China is in the largest orogenic (which means ‘pertaining to deformation of a continental margin to the extent that a mountain range is formed‘ which is how the Himalayas got there) zone on the planet. But according to Hong Kong-based seismologist Dr. Michael Spranger Wenchuan had ‘never been considered high-risk compared to cities near other fault lines.’
After the Wenchuan earthquake, the earthquake risk in China is even higher because of tectonic shifting. The plates of the earth were moved by that earthquake.
The Straits Times in Singapore revealed two government-sponsored earthquake studies are in progress, both by NTU, both trying to find what action should be taken.
The business impact of planning to mitigate, respond to and recover from earthquakes will be significant all over Asia, even if no more earthquakes occur for many years.
First of all, insurance companies are very concerned. The might face a tsunami of claims from a big earthquake in one of Asia’s megacities. Which means insurance rates are bound to go. Perhaps by a significant margin.

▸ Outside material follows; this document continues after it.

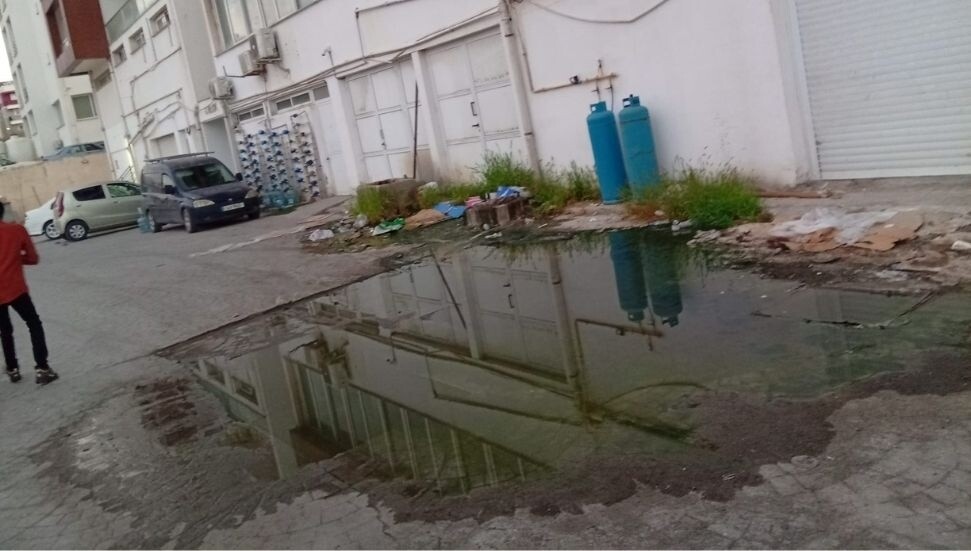 Lefke Çevre ve Ekoloji Derneği, yeniden foseptik birikimi tespit etti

If building codes are revised to mandate greater resistance to horizontal ground motion (lead dissipators , for example, or lead & rubber bearings), commercial construction costs will increase even more than they have in the last year. Those costs will be passed on to the consumer.
The impact of another series of serious earthquake in Asia will be felt by businesses around the world. The impact of the recent earthquakes seem destined to mean higher property prices in the medium term.